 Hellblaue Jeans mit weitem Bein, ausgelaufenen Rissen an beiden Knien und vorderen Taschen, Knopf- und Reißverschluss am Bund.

________

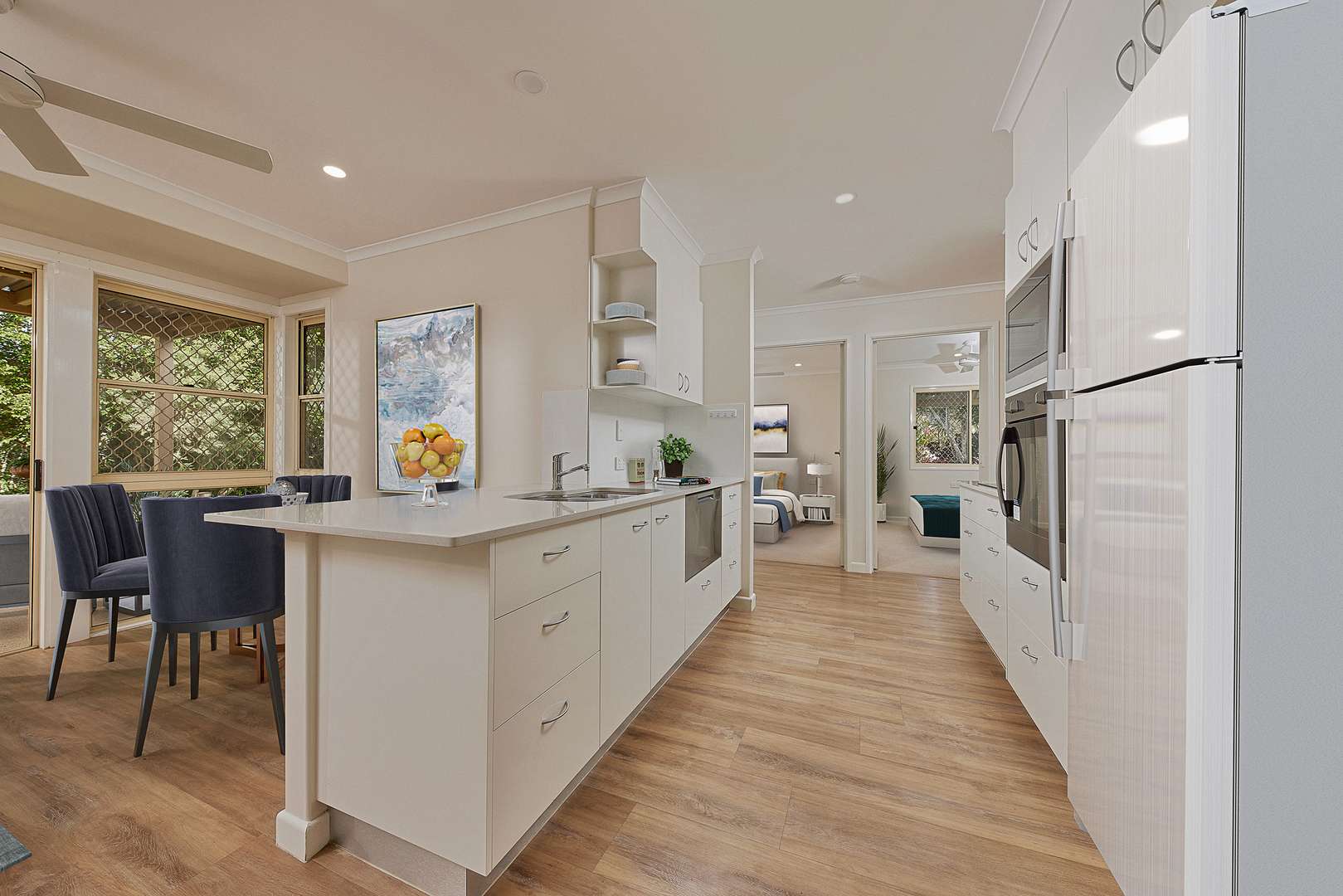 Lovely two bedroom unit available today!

________

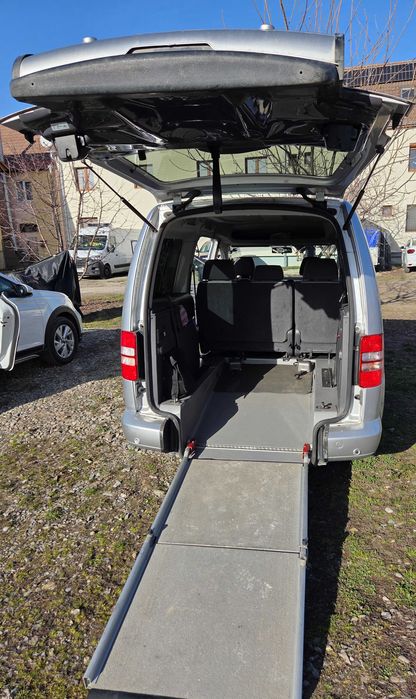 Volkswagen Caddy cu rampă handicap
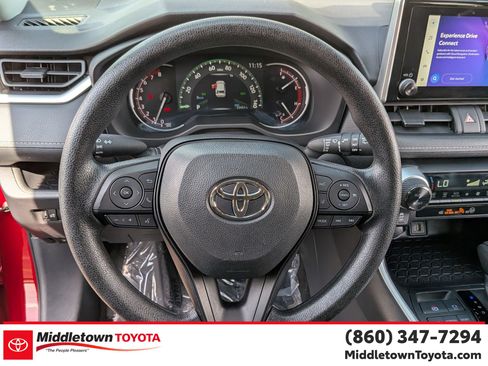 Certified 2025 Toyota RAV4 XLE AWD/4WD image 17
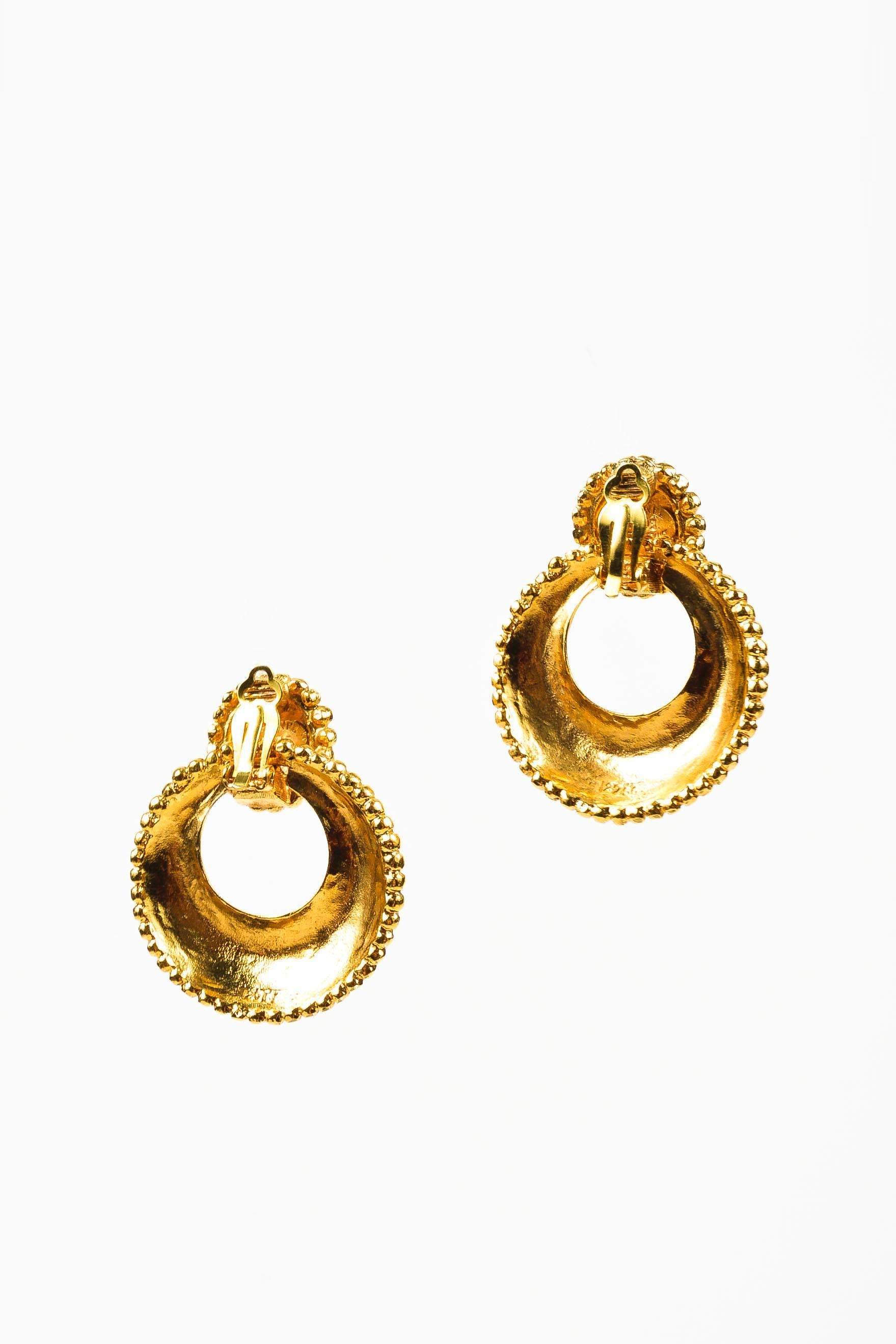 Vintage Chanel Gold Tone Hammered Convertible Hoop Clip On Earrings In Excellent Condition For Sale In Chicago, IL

________

▶ [Task instructions]: All pictures are to be skipped. Output, word for word, the lines in the data above starting at the line containing "Certified 2025 Toyota" and ending at the line containing "Vintage Chanel Gold".

▶ [Finished exercise]:
 Certified 2025 Toyota RAV4 XLE AWD/4WD image 17
 Vintage Chanel Gold Tone Hammered Convertible Hoop Clip On Earrings In Excellent Condition For Sale In Chicago, IL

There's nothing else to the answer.